(Items from a dataset)
* * * * * * *

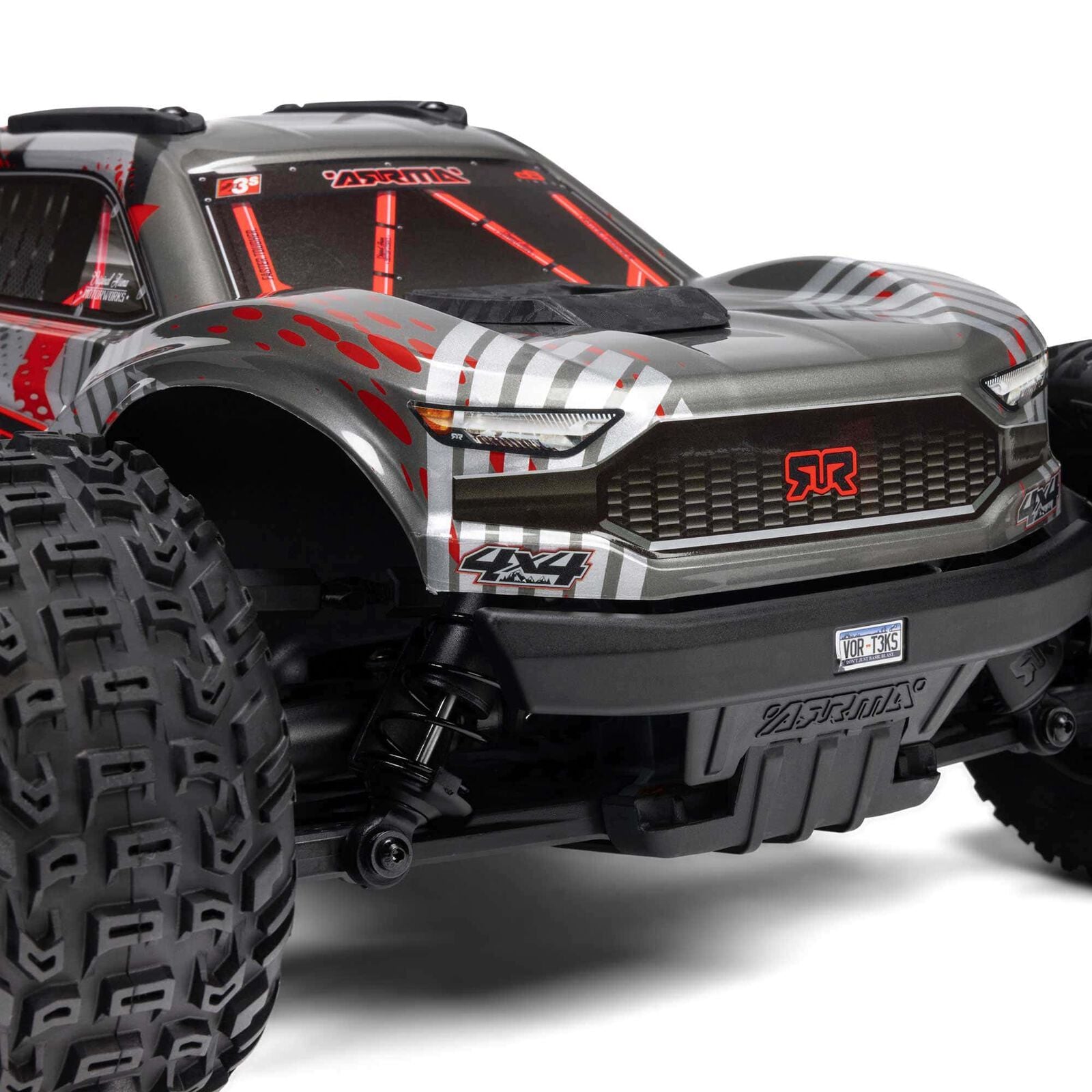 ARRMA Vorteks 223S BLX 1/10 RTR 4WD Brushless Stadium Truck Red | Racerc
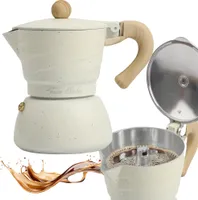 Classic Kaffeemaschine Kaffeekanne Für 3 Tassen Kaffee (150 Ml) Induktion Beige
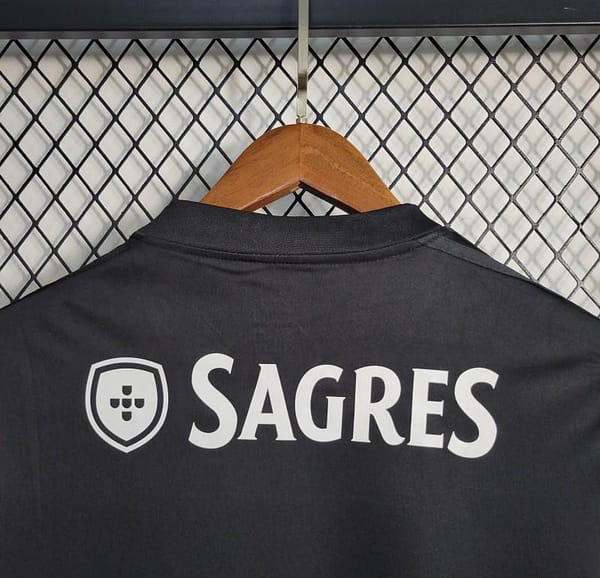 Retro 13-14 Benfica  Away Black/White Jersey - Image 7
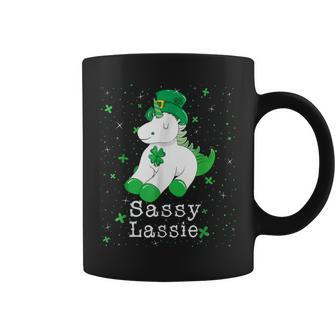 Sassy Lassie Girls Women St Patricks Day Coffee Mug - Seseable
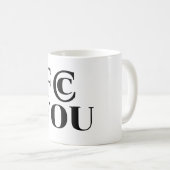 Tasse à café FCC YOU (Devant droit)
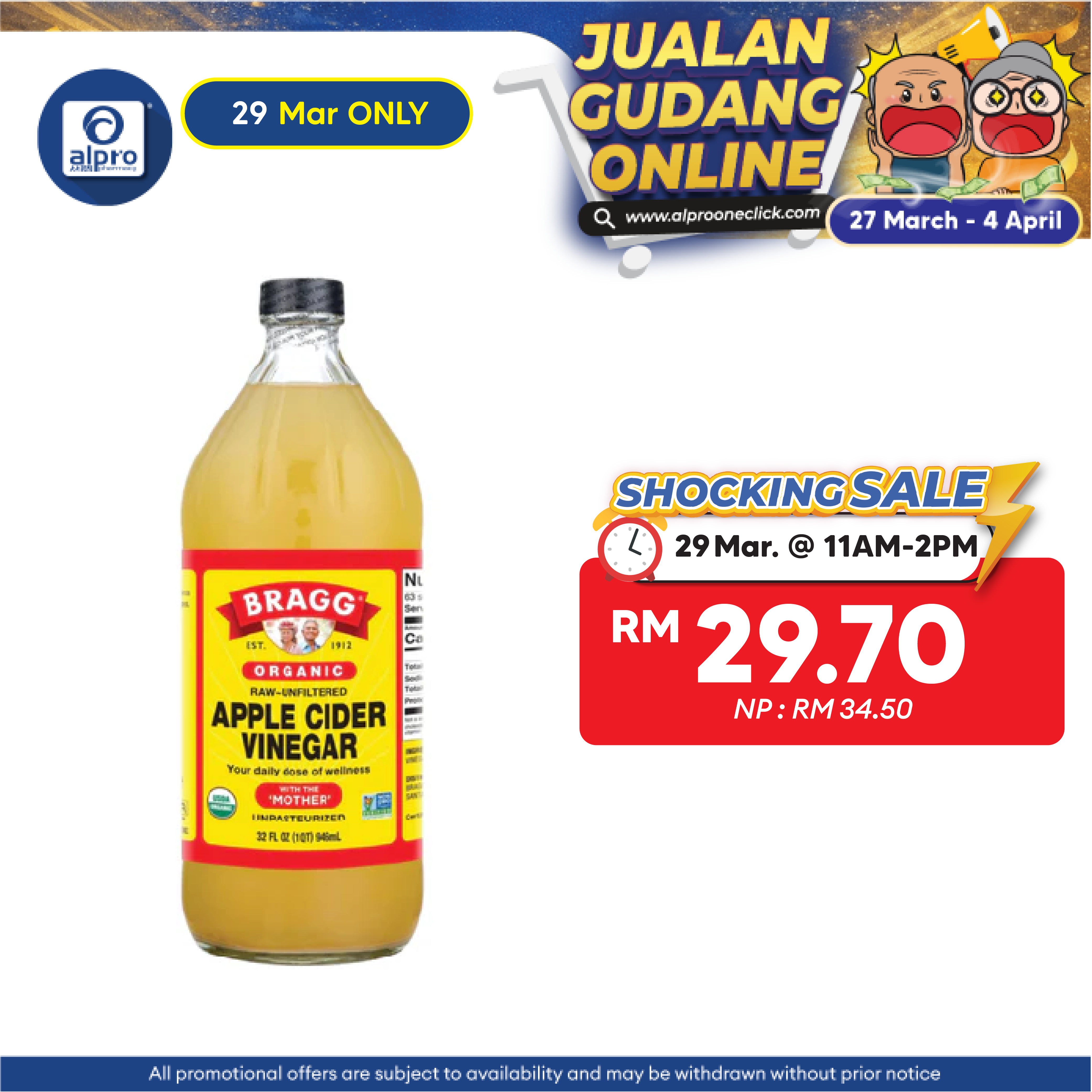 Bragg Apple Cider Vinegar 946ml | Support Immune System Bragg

* * * * * * *

■ Problem details:
Above are the records; restate exactly the lines from the one containing "Classic Kaffeemaschine Kaffeekanne" through the one containing "Tasse à café FCC YOU (Devant droit)", keeping pictures out.

■ Exercise response:
 Classic Kaffeemaschine Kaffeekanne Für 3 Tassen Kaffee (150 Ml) Induktion Beige
 Retro 13-14 Benfica  Away Black/White Jersey - Image 7
 Sassy Lassie Girls Women St Patricks Day Coffee Mug - Seseable
 Tasse à café FCC YOU (Devant droit)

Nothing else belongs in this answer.